Yes, he has done it in the past, and yes, he will do it again.

The Syrian civil war has been boiling for six years since the Arab Spring began in 2011, when a young boy spray-painted some anti-government graffiti on his school wall in the Southern city of Dara’a. Nearly half a million people are dead and there are over six millions refugees, and millions more without homes and without dreams of a descent life.

Oh yeah, one more thing: Trump wants to ban refugees from Syria, at the same time he’s bombing it.

Boy Scouts

I used to go camping with the boy scouts near the area where the chemical attacks took place. The Idleb province is stunning with history of ancient kingdoms dating back to the bronze age. We loved the mountains of Idleb and Kassab and the beautiful North West of Syria.

I remember on one campout, I stood guard at night freezing and counting the minutes till the end of my shift, where the warm sleeping bag awaited. We had to guard the tents at night from wild animals and wild people.

This was during my Eagle Scout training. We camped for a week with no food, just water. We ate leaves and grass and hunted a couple of creatures, Ahmmm, fat rats, but all in al the trip was fascinating. I learned a piece of Syrian history like the tablets with Samaritan writings dating back to 2500 BC.

Mom and Sister

Yesterday I spoke with my mother, Laila, and sister, Mimi, both living in Damascus, and asked them how they felt about the American bombing of the Shayrat airbase. Word for word, this is what my sister said:

“I don’t know Karim, someone needs to do something, but I just don’t know how to feel.”

Someone needs to do something.

I don’t know how to feel.

My sentiments exactly. I have watched the world observe the carnage in my country for six years.

Am I glad someone is acting to hopefully end the civil war?

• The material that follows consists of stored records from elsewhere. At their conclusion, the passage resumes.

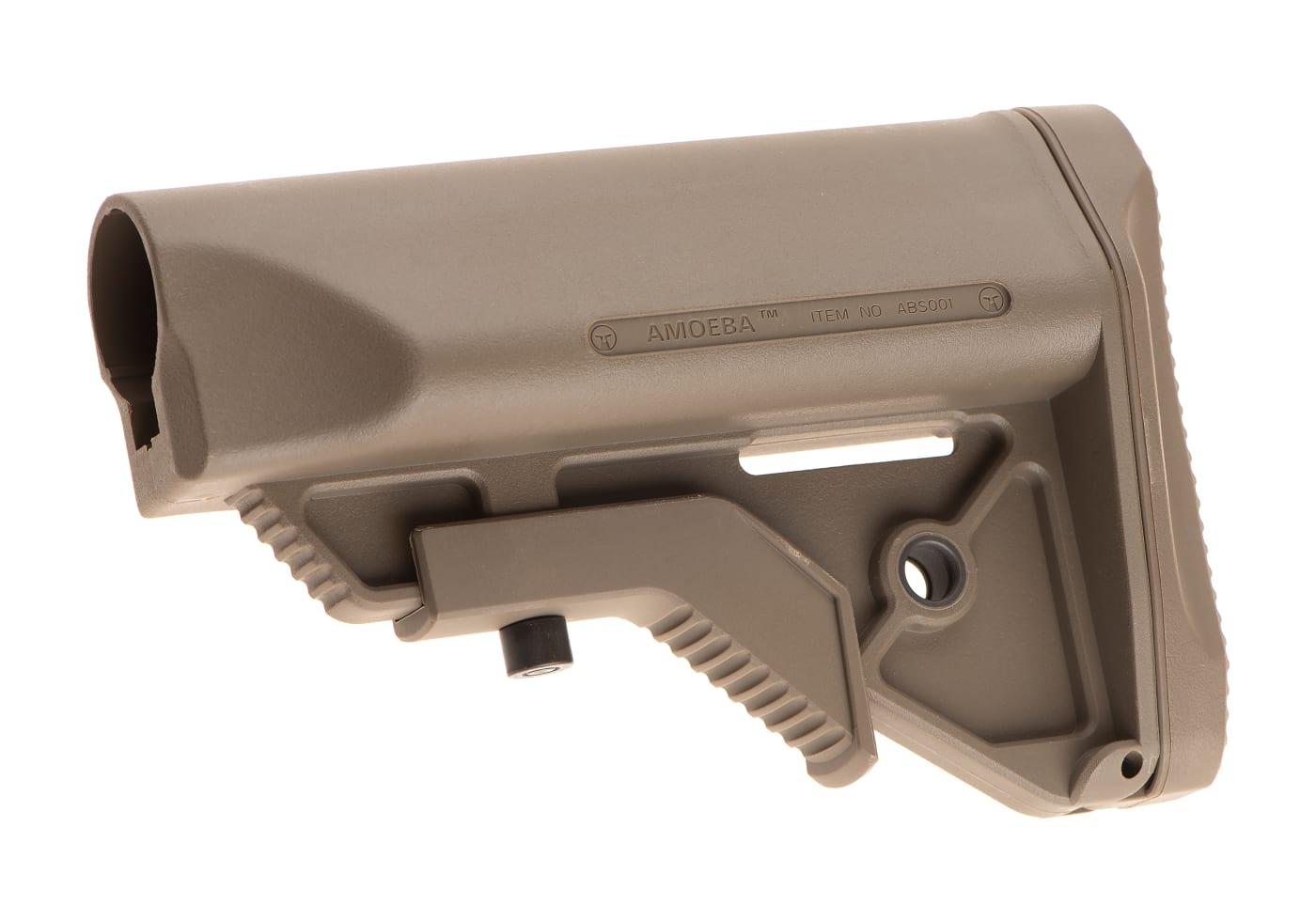 Ares M4 Butt Stock Dark Earth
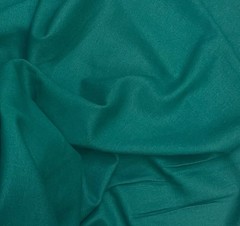 Hunter Green linen fabric 56” Width Sold By The Yard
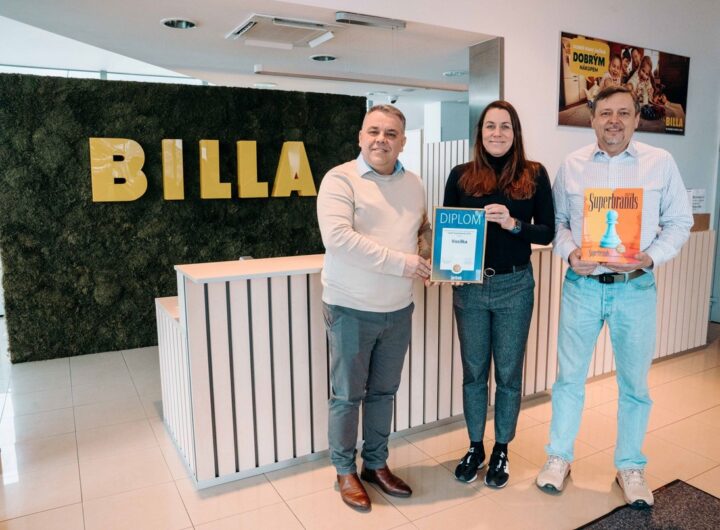 Vocílka, Billa, Czech Business Superbrands
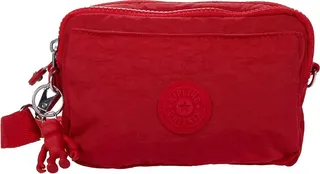 Kipling Abanu Multi Convertible Crossbody Bag (Red Rouge) Handbags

The answer is an emphatic yes.

Am I worried this is a one-time act that will mean very little in the long run, and only serve as a provocation for Assad and the Russians to do more killing?

The answer is a sad yes.

Many have asked how I felt about the US intervention. I am a writer, but I am out of words.

Nothing can describe my feelings. I want this dictator and his supporting team of bloodthirsty mongrels stopped. I want things in Syria to go back to the way they were when we camped in Idleb and hunted for berries and fat rats.

I want my mom and sister to be safe.

At the same time, I don’t want WWIII to begin in my backyard.

World Peace

Which brings me to this: Why can’t the world sit Bashar Al-Assad at the table and tell him to stop, “You are outta ‘here.’ And then throw him in jail and appoint a moderate to clean the country from the idiots trying to claim power, like ISIS and other factions.

It’s a difficult question to answer.

Don’t we have a United Nations? Aren’t there rules of how presidents should govern? Shouldn’t the entire world intervene?

It’s not that simple, one might say. I will grant the situation in Syria is complicated. But why shouldn’t it be this simple?

Yeah yeah, I reside somewhere up in the clouds, nearly at 30,000 feet - where there is no war and no bloodshed. There are no sad tears, only beautiful but very cold atmosphere void of conflicts / full of peace. Up where I live, the night sky is vivid with calm and eerie sounds of silence. There is no noise of bombs and babies crying as they rip their skin affected by the chemical weapons off their little bodies.

There is only serenity.

Perhaps this should be in the manual for World Leader training: To spend a few days up here and realize what this life is all about. To learn the nuances of love and hope and joy and big smiles and tight hugs. To know about a world without conflict, and a world full of goals and cooperation and accomplishments and getting along. A world of Coexistence.

Why would anyone drop chemical weapons on civilians?

At 30,000, that would be a glimmer of a sad past where humans fought each other over territory and power, where humans killed each other over lines in the sand, and where they murdered civilians just because they could.

The present knows none of these gruesome acts.

I will go the grave preaching these values and morals. Maybe one day a world leader might read this and realize something has to be done.

Coexist

My definition of the word ‘Coexist’: To live on this tiny ball hurtling through space for only one purpose – Love.

OK, back to Neutral.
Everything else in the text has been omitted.